=== Data block ===

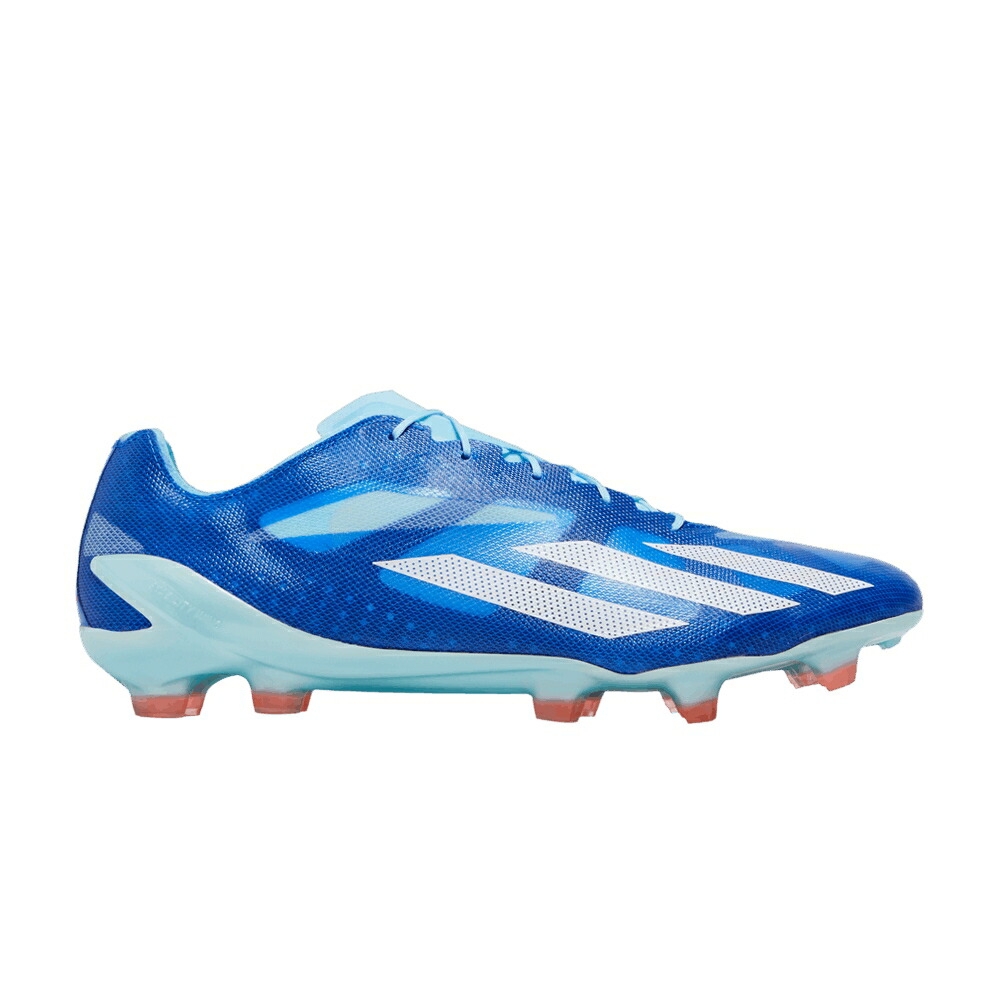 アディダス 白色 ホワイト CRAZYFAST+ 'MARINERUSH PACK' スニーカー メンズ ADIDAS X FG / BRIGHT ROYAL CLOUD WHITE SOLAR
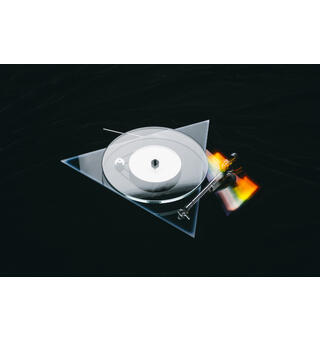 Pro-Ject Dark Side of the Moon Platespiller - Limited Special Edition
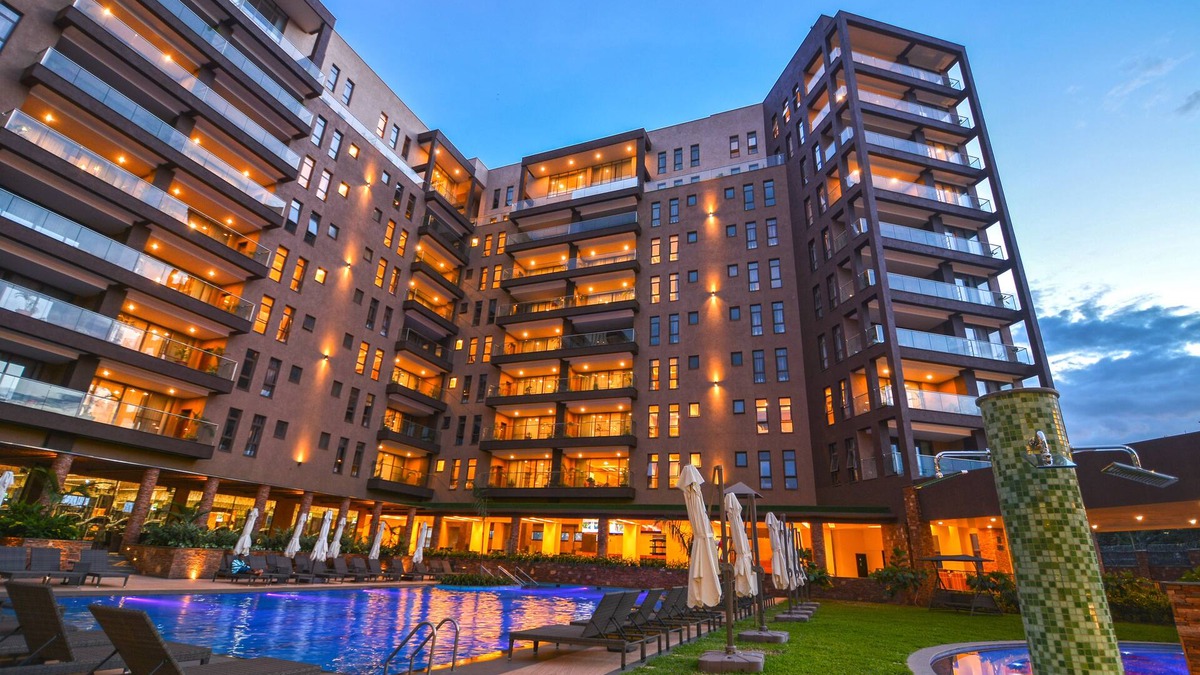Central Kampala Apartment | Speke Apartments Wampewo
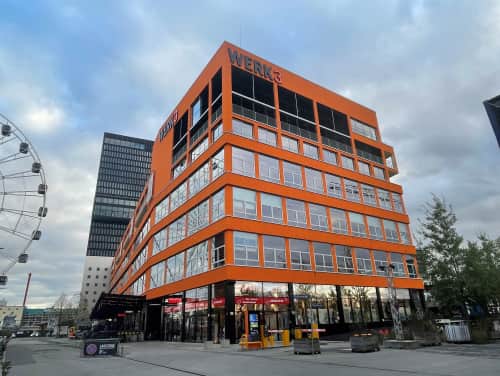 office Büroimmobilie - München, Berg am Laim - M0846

===

- [The problem]: What you need to copy is the run of lines from the one holding "Pro-Ject Dark Side" through the end of the data, exactly and only, both ends included, pictures omitted.

- [Result below]:
 Pro-Ject Dark Side of the Moon Platespiller - Limited Special Edition
Central Kampala Apartment | Speke Apartments Wampewo
 office Büroimmobilie - München, Berg am Laim - M0846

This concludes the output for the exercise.